_TASK TO CARRY OUT_
Please repeat every entry, keeping each one exactly the same.

_Records drawn from a dataset_

↓

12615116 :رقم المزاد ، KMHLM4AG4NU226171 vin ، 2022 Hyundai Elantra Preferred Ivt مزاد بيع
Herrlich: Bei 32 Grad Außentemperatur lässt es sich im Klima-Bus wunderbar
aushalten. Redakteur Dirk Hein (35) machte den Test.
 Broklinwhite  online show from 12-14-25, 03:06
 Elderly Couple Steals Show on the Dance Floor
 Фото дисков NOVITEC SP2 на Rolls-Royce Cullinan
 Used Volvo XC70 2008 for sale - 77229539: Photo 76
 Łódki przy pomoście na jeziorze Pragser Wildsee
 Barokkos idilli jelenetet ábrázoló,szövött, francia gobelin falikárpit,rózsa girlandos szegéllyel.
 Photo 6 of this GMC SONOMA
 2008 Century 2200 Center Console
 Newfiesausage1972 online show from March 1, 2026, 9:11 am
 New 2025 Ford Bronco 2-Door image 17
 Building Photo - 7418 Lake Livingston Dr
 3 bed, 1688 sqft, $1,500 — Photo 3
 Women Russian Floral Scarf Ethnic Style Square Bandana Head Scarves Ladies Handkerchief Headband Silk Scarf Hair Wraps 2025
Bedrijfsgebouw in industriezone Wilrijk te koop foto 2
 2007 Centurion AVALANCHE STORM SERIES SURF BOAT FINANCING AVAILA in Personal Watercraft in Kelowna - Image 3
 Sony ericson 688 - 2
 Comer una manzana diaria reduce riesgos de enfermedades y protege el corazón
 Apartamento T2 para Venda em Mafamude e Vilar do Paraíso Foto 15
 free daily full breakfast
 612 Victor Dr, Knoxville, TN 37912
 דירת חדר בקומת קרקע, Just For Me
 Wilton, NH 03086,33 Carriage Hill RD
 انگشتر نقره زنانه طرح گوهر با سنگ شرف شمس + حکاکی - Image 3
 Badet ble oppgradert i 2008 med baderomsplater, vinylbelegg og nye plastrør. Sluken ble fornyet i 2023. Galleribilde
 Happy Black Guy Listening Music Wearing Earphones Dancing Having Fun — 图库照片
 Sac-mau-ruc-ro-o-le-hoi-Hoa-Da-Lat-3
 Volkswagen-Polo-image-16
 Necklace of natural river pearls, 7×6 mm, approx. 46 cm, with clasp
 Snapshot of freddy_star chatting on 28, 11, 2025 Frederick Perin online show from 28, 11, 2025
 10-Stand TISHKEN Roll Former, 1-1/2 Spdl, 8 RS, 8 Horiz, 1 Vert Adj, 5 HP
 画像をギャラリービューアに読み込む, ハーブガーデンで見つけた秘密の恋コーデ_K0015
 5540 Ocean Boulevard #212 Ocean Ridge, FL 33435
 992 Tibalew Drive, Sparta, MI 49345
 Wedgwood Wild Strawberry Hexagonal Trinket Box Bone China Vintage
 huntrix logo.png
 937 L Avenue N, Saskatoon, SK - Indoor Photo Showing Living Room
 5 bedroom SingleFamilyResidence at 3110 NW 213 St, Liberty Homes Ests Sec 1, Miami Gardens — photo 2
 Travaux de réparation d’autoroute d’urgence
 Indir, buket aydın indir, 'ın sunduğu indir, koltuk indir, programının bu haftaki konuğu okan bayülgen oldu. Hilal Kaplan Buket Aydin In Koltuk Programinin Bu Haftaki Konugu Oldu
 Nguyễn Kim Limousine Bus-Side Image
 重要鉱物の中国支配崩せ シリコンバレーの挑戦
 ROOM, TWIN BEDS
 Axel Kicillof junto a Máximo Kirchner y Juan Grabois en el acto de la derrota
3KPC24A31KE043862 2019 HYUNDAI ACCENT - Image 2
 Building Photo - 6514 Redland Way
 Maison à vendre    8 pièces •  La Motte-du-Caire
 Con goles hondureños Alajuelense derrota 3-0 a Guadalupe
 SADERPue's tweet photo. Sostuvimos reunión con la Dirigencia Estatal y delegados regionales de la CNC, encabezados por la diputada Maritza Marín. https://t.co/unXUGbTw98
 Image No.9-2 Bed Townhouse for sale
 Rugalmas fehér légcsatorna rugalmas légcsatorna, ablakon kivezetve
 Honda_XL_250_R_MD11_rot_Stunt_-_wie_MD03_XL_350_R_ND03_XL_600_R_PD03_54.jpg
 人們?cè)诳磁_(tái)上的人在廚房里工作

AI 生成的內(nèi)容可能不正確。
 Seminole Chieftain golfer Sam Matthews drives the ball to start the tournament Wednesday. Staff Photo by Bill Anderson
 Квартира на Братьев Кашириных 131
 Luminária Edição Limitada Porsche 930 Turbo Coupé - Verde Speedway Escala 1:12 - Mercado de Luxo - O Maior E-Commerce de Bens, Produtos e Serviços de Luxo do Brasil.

↑

_TASK RESULT_
12615116 :رقم المزاد ، KMHLM4AG4NU226171 vin ، 2022 Hyundai Elantra Preferred Ivt مزاد بيع
Herrlich: Bei 32 Grad Außentemperatur lässt es sich im Klima-Bus wunderbar
aushalten. Redakteur Dirk Hein (35) machte den Test.
 Broklinwhite  online show from 12-14-25, 03:06
 Elderly Couple Steals Show on the Dance Floor
 Фото дисков NOVITEC SP2 на Rolls-Royce Cullinan
 Used Volvo XC70 2008 for sale - 77229539: Photo 76
 Łódki przy pomoście na jeziorze Pragser Wildsee
 Barokkos idilli jelenetet ábrázoló,szövött, francia gobelin falikárpit,rózsa girlandos szegéllyel.
 Photo 6 of this GMC SONOMA
 2008 Century 2200 Center Console
 Newfiesausage1972 online show from March 1, 2026, 9:11 am
 New 2025 Ford Bronco 2-Door image 17
 Building Photo - 7418 Lake Livingston Dr
 3 bed, 1688 sqft, $1,500 — Photo 3
 Women Russian Floral Scarf Ethnic Style Square Bandana Head Scarves Ladies Handkerchief Headband Silk Scarf Hair Wraps 2025
Bedrijfsgebouw in industriezone Wilrijk te koop foto 2
 2007 Centurion AVALANCHE STORM SERIES SURF BOAT FINANCING AVAILA in Personal Watercraft in Kelowna - Image 3
 Sony ericson 688 - 2
 Comer una manzana diaria reduce riesgos de enfermedades y protege el corazón
 Apartamento T2 para Venda em Mafamude e Vilar do Paraíso Foto 15
 free daily full breakfast
 612 Victor Dr, Knoxville, TN 37912
 דירת חדר בקומת קרקע, Just For Me
 Wilton, NH 03086,33 Carriage Hill RD
 انگشتر نقره زنانه طرح گوهر با سنگ شرف شمس + حکاکی - Image 3
 Badet ble oppgradert i 2008 med baderomsplater, vinylbelegg og nye plastrør. Sluken ble fornyet i 2023. Galleribilde
 Happy Black Guy Listening Music Wearing Earphones Dancing Having Fun — 图库照片
 Sac-mau-ruc-ro-o-le-hoi-Hoa-Da-Lat-3
 Volkswagen-Polo-image-16
 Necklace of natural river pearls, 7×6 mm, approx. 46 cm, with clasp
 Snapshot of freddy_star chatting on 28, 11, 2025 Frederick Perin online show from 28, 11, 2025
 10-Stand TISHKEN Roll Former, 1-1/2 Spdl, 8 RS, 8 Horiz, 1 Vert Adj, 5 HP
 画像をギャラリービューアに読み込む, ハーブガーデンで見つけた秘密の恋コーデ_K0015
 5540 Ocean Boulevard #212 Ocean Ridge, FL 33435
 992 Tibalew Drive, Sparta, MI 49345
 Wedgwood Wild Strawberry Hexagonal Trinket Box Bone China Vintage
 huntrix logo.png
 937 L Avenue N, Saskatoon, SK - Indoor Photo Showing Living Room
 5 bedroom SingleFamilyResidence at 3110 NW 213 St, Liberty Homes Ests Sec 1, Miami Gardens — photo 2
 Travaux de réparation d’autoroute d’urgence
 Indir, buket aydın indir, 'ın sunduğu indir, koltuk indir, programının bu haftaki konuğu okan bayülgen oldu. Hilal Kaplan Buket Aydin In Koltuk Programinin Bu Haftaki Konugu Oldu
 Nguyễn Kim Limousine Bus-Side Image
 重要鉱物の中国支配崩せ シリコンバレーの挑戦
 ROOM, TWIN BEDS
 Axel Kicillof junto a Máximo Kirchner y Juan Grabois en el acto de la derrota
3KPC24A31KE043862 2019 HYUNDAI ACCENT - Image 2
 Building Photo - 6514 Redland Way
 Maison à vendre    8 pièces •  La Motte-du-Caire
 Con goles hondureños Alajuelense derrota 3-0 a Guadalupe
 SADERPue's tweet photo. Sostuvimos reunión con la Dirigencia Estatal y delegados regionales de la CNC, encabezados por la diputada Maritza Marín. https://t.co/unXUGbTw98
 Image No.9-2 Bed Townhouse for sale
 Rugalmas fehér légcsatorna rugalmas légcsatorna, ablakon kivezetve
 Honda_XL_250_R_MD11_rot_Stunt_-_wie_MD03_XL_350_R_ND03_XL_600_R_PD03_54.jpg
 人們?cè)诳磁_(tái)上的人在廚房里工作

AI 生成的內(nèi)容可能不正確。
 Seminole Chieftain golfer Sam Matthews drives the ball to start the tournament Wednesday. Staff Photo by Bill Anderson
 Квартира на Братьев Кашириных 131
 Luminária Edição Limitada Porsche 930 Turbo Coupé - Verde Speedway Escala 1:12 - Mercado de Luxo - O Maior E-Commerce de Bens, Produtos e Serviços de Luxo do Brasil.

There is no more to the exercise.